Sadna Jumnoodoo then explained the rise of the second and third waves.


 What we are calling the second wave, she said, is characterised by a continuation of the struggle for emancipation, but now for liberation as well, meaning liberation from patriarchy and linking this to the struggle for socialism. The Association that Marlene and I are in, Muvman Liberasyon Fam, is part of this second wave, and it, naturally like many Women’s Associations, is alive and strong until today.


 Our Associations was born in 1976, and was right at the heart of this second wave.


 In fact, for 40 years this year, the Muvman Liberasyon Fam, a nation-wide association – not a neighbourhood one – has kept to our manifesto, and to a coherent program for women’s emancipation and liberation. And what characterises the MLF is its comprehension of the need to oppose and defeat patriarchy (by which we understand the reign of a pyramid-like structure with powerful males at the top dominating the rest) and also, at the same time, struggling against the capitalist system which keeps women in a kind of double submission. We consider ourselves and all women, to be dominated by patriarchy and exploited by capitalism.


 When the MLF was formed, La Ligue Feministe and Association Des Femmes Mauriciennes, already existed. So, why was the MLF created? It was formed because these two existing associations, though considering themselves feminists, for different reasons did not, or could not bring themselves to, oppose the repressive anti-abortion laws.
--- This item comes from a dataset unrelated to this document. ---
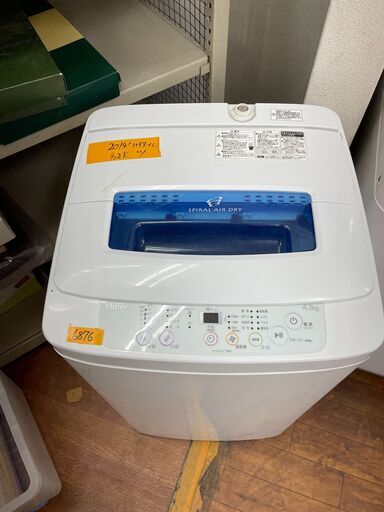 リサイクルショップどりーむ天保山店　No７２　洗濯機　ハイアール　激安　４．２ｋｇ　２０１４年製　※シール跡あり・糸くずネット無し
 After the creation of MLF, there was also the Mauritius Alliance of Women, which was more like the first wave of association but a nationwide association rather than neighbourhood one like the other Women’s Associations.


 The Domestic Employees Association, a trade union with mostly women members and leadership, and the Federation of Pre-School Playgroups, again with mostly women members and leadership, both became a long-term allies of the MLF.


 So far, all these women’s organizations, or organizations of mainly women, were not “NGOs”.


 During the 1970 s and until the end of the 1980s, we worked in a general agreement amongst women that we were, together, struggling in different ways for emancipation and liberation. And, when necessary, with the greatest of ease, we worked together in Common Fronts. First there was the Fron Komin Organizasyon Fam on the anti-women immigration laws. And later there was a very broad front called Solidarite Fam that existed from 1977 for some 20-25 years, and which was based on a conscious program with very advanced aims.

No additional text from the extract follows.